Ele sabia que podia contar comigo. Quase sempre - olha
o 'quase' outra vez - eu o acompanhava madrugada adentro, pau pra toda obra,
ajudando-o a fechar o jornal. Isso porque o trabalho de repórter sempre me
deixava eletrizado. Na cozinha da redação, eu entrava em transe, ficava cego,
não via mais nada: só jornal. Respirava jornal, meu café da manhã era jornal,
almoçava jornal, merendava jornal, jantava jornal, dormia sonhando com jornal.
Enquanto fui repórter, o jornal era minha cachaça, uma droga, do qual dependia,
na qual era viciado. Fazia mal, é verdade, mas 'dava barato'.

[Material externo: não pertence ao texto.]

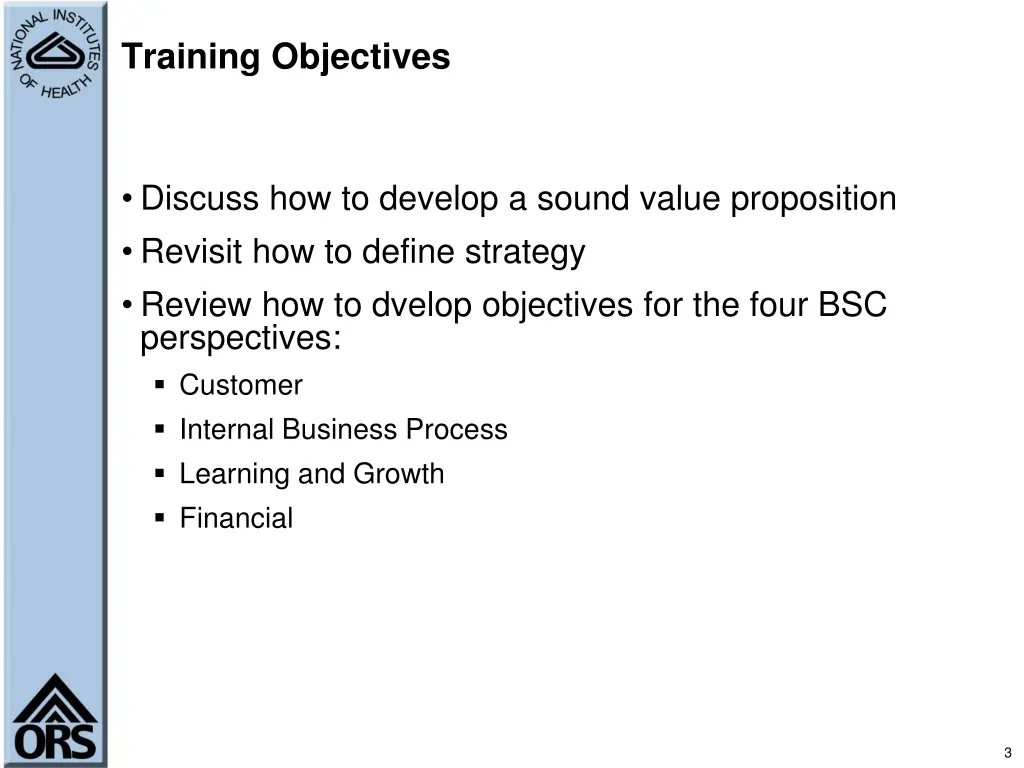training objectives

Por isso, sempre fui explorado. As horas extras
nunca foram remuneradas, era tudo na base do entusiasmo, o que me levava, de
vez em quando, a tirar por conta própria um dia de descanso, que ninguém é de
ferro.
O velório da titia
Na segunda falta, matei minha avó Maria Elisa. Ela
estava enterrada havia mais de dez anos e, para atualizar o cadáver, entrei na
redação com um chumaço preto no bolso da camisa, de luto, como era costume na
época. Contei histórias dela lá do Maranhão, onde Borges havia vivido sua
infância. Falei que meu nome era uma promessa da vovó a São José de Ribamar,
que eu era o xodó da vovó, não podia deixar de ir ao velório, você entende?
- Porra - gritou o Borges - com todo respeito à tua
avó, por que você não telefonou dizendo que não podia vir?
Acontece que se eu telefonasse, Miguel Borges,
experiente jornalista, sabia como me convencer a ir trabalhar. Bastava acenar
com um fato novo que despertasse minha curiosidade. Nascido em Picos, Piauí, em
1937 - dez anos antes de mim - ele veio em 1955 para o Rio, onde atuou em
vários jornais: Tribuna da Imprensa, Jornal do Commércio, Última Hora, O Dia.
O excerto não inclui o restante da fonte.